One night last week a hefty (6 ft., 200 Ibs. ) Cleveland patrolman named Henry Gordon paid a surprise call at the home of Police Chief Frank Story, and turned in his badge. Next day the whole town shared the surprise. Cried Scripps-Howard’s Cleveland Press across eight columns: PRESS WRITER BARES SECRET, WAS POLICEMAN SIX MONTHS. Crowed Editor Louis B. Seltzer, whose Press covers Cleveland like a mother hen : “This is the first time that any paper in the country has obtained the inside story of the workings of a police department by assigning a writer to the job of actual police work.” Seamy Underside. It was also one of the most strenuous reportorial masquer ades since the New York World’s Nellie Bly feigned madness for ten days in the lunatic asylum on Blackwell’s Island.

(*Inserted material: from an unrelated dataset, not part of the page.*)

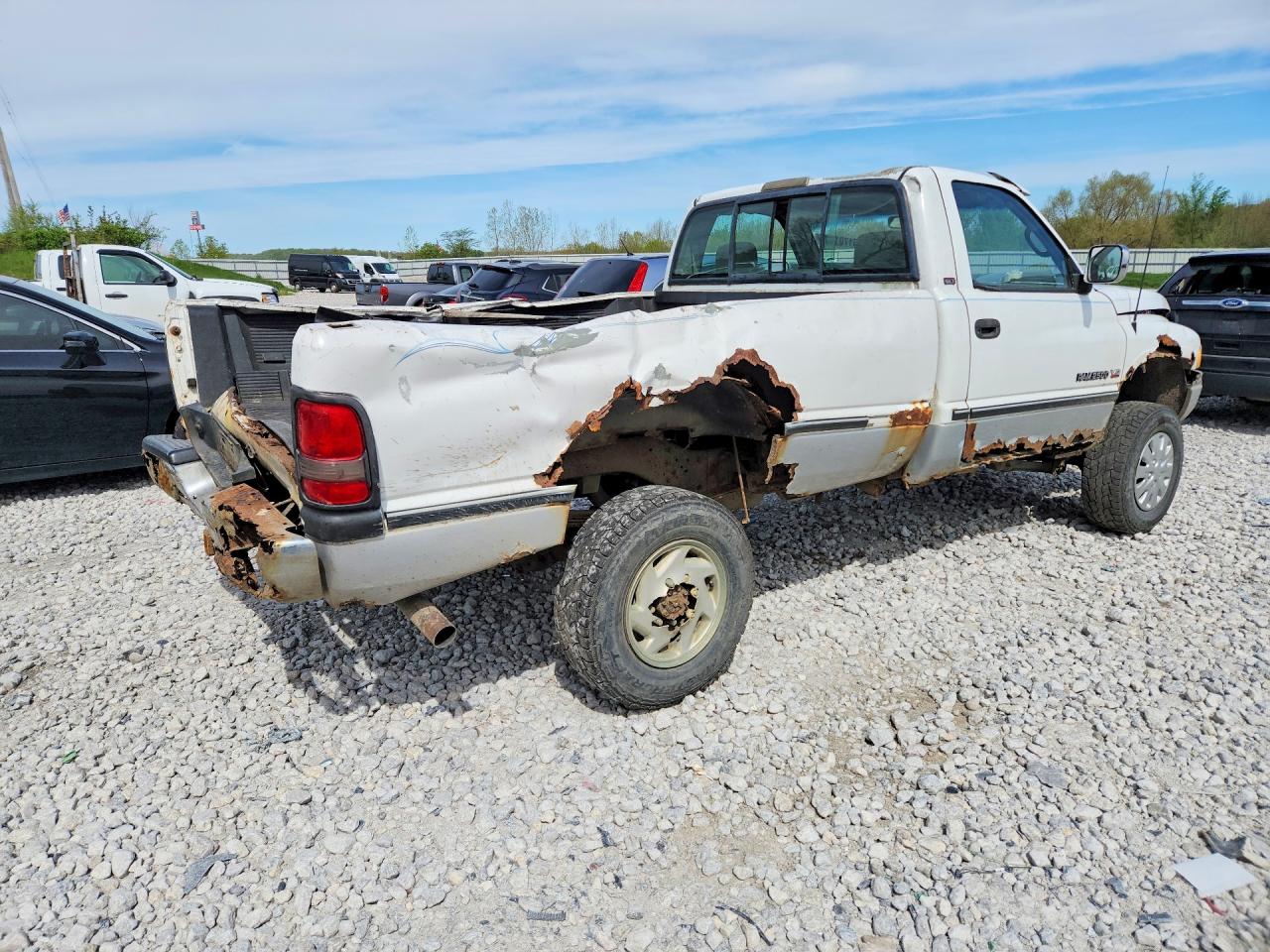 1996 Dodge Ram 2500 VIN 1B7KF26W8TS654672 photo 3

On Seltzer’s instructions, Assistant Picture Editor Gordon, 25 and an exMarine, took the police civil-service test a year ago, quietly “quit” the Press last January to enter the police academy and begin a life of “applied schizophrenia.” In re peated close calls, he managed to avoid acquaintances on the street, at a theater, in a restaurant. Off duty, he labored over a diary that grew to 600 type written pages. He graduated in the top ten (of 92) from the three-month course for rookies. Then, as he wrote last week in the lead of “Badge 384.” his front-page series: “I was the law in the rawest, meanest, toughest police district in Cleveland.”

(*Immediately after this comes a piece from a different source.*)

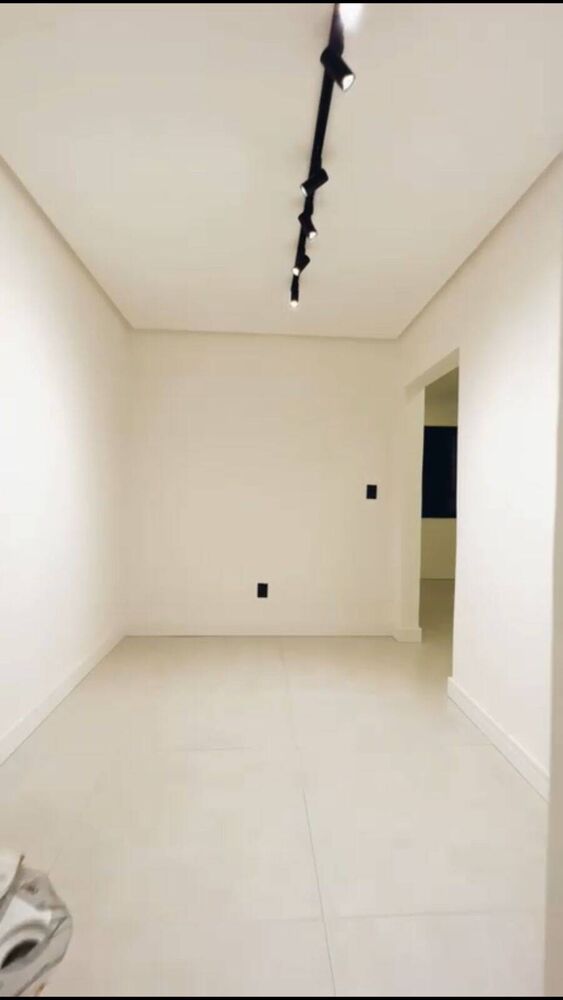 Casa, 4 quartos, 243 m² - Foto 2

Cops gulped as they read: “I saw the seamy underside of the police department . . . I got to know policemen who drank on duty, loafed on duty . . . I saw how saloonkeepers get parking tickets fixed . . . I heard my fellow policemen boast openly of freeloading on liquor and food —’living on the badge’ they called it . . . Time and again I heard the smart-alec patrolman brag about his ‘take,’ repeating his motto: ‘Never take a cigar that ain’t wrapped in green.’ ”
No Snitching. But Gordon also reported that “the big majority are brave and dedicated and underpaid,” ‘and the Press announced that his rookie’s take-home pay of $1,740.16 would go to the police pension fund. Promised Gordon: “Six months didn’t make me a veteran copper. But I’ve been one long enough to know I’m not going to snitch on any of them. I’m going to cross up dates and places whenever true identities might hurt somebody. I’m going to tell all the story. But I’m not going to make a spy’s report.”

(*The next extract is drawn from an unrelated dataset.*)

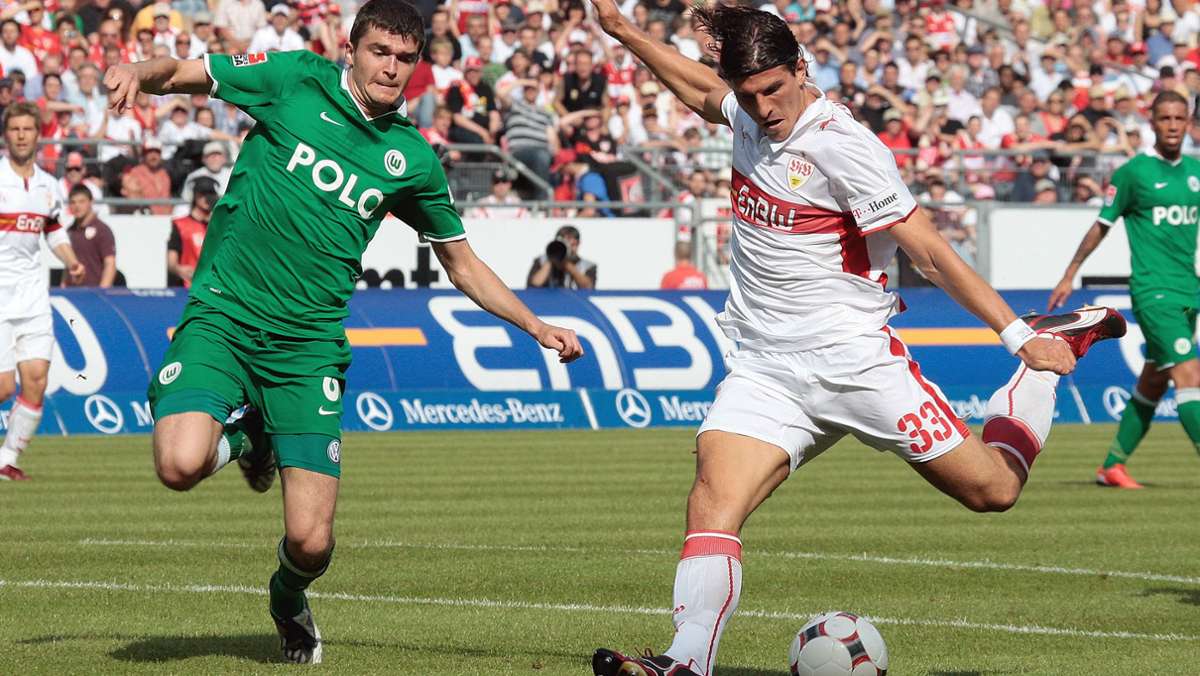  An diesem Mittwoch empfängt der VfB Stuttgart den VfL Wolfsburg. In unserer Reihe „Legendenspiele“ blicken wir zurück auf einen denkwürdigen Nachmittag, als Mario Gomez einfach alles gelang.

Over the Teletype to all police stations, Chief Story told the force: “I have no criticism of the articles . . . I welcome any information which would uncover any wrongdoing.” To another reporter he said: “There is nothing intrinsically wrong in our department. Gordon hasn’t divulged anything of consequence.” Indeed, the generalizations of the early articles added up to less than the “revelation” promised by Editor Seltzer. But Seltzer felt sure that the series would give the Press a strong weapon in a campaign to change Ohio legislation that ties the hands of mayors and police chiefs against “entrenched practices” among the police. Gordon, whose previous reporting was limited to real estate, basked in his sudden celebrity. A sumptuous brunette, he said, recognized him from his pictures as he rode home on a rapid-transit car, and, leaning over, her mouth close to his ear, whispered: “Hello, Badge 384.”